When most data is in Microsoft Dynamics AX (assuming that Microsoft Dynamics AX is the
predominant source of data in the organization), you have two options.
The data mash-up option is best suited to an environment where capable users author and publish analyses for the use of others. This option relies on client tools such as Excel PowerPivot. Microsoft Dynamics AX 2012 enables Microsoft Dynamics AX queries to be published to data mash-up tools through OData feeds, or as data exports to Excel.
You can bring external data into Microsoft Dynamics AX either through services (data services consumed by means of inbound ports) or as batch jobs that are executed periodically to import data into tables.

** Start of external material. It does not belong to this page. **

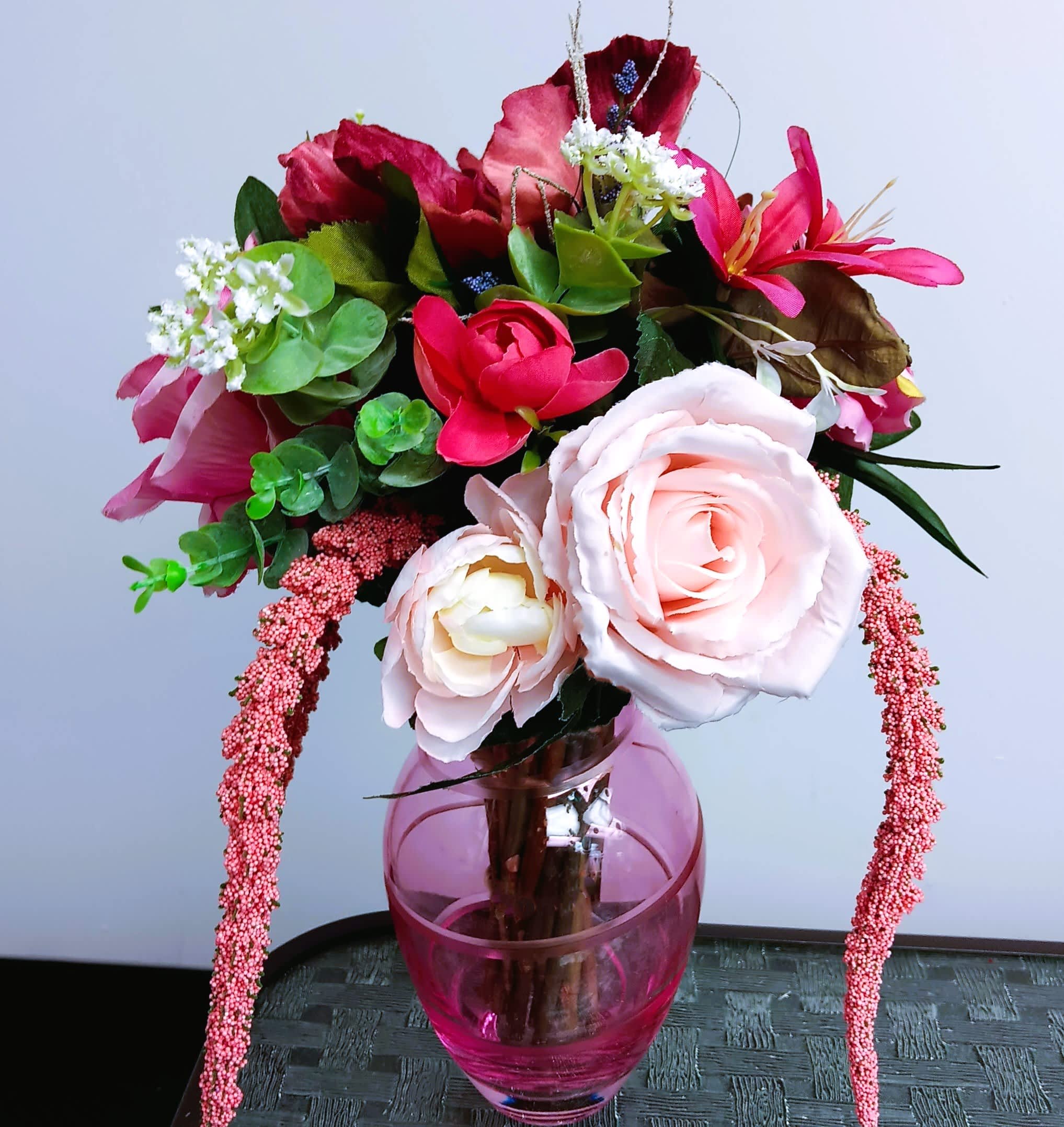 Pink and red floral arrangement in a pink glass vase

With this approach, external data is represented as read-only data within Microsoft Dynamics AX. The benefit to this approach is that external data appears as native Microsoft Dynamics AX data to Microsoft Dynamics AX tools. You can create analytics, reports, and inquiry forms that use the combined data.

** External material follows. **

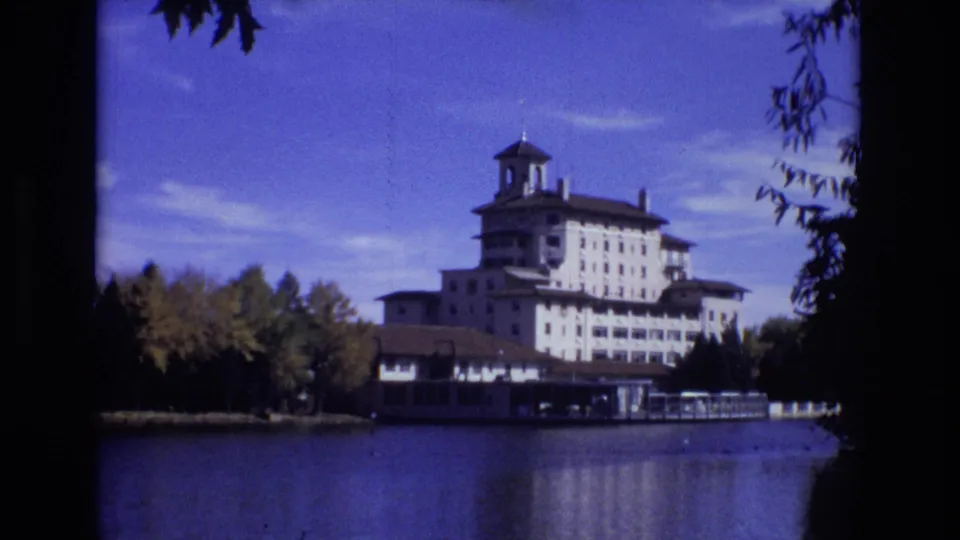 Wide 1974 Colorado Springs view of the Broadmoor Hotel across a calm lake, with shoreline trees and reflections under a clear blue sky.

A more complex approach involves integrating external data directly into the prebuilt BI solution.
With this option, a BI developer adds another data source to the prebuilt BI solution by using Business Intelligence Development Studio. Additional data tables are brought into the DSV by using the new data connection. It is possible to create dimensions and measures by using the new tables in the DSV.
The traditional ETL-based data warehouse option is suited to scenarios that require complex
transformations or large volumes of data. Although this option is more flexible in terms of capabilities, it is also the most expensive to implement and manage.
You might want to build a data warehouse to implement the following scenarios:
■ Integrate external data sources with Microsoft Dynamics AX data In this approach, the Microsoft Dynamics AX implementation serves as one of many corporate applications.
Although Microsoft Dynamics AX contains some of the corporate data, other systems contain
a considerable portion of the data. To make decisions, data must be combined across systems, and the data warehouse serves that need.
■ Incorporate legacy data into Microsoft Dynamics AX analytics Most organizations
migrate recent data when implementing Microsoft Dynamics AX. Legacy data is still
maintained in read-only instances of legacy applications. Although legacy data is no longer
used for operational purposes, it is required for historical trend analysis. A data warehouse
serves as the repository where legacy data is combined with current data.
Although Microsoft Dynamics AX 2012 does not directly support the creation of a data warehouse schema, the following artifacts generated in Microsoft Dynamics AX 2012 can be used to build a data warehouse:
■ The DSV generated as part of the prebuilt analytic solution can be used within SQL Server
Integration Services when an ETL package is developed to extract data from Microsoft
Dynamics AX.
■ Microsoft Dynamics AX document services can be consumed as data sources based on Simple Object Access Protocol (SOAP).
■ Microsoft Dynamics AX queries can be exposed as OData feeds.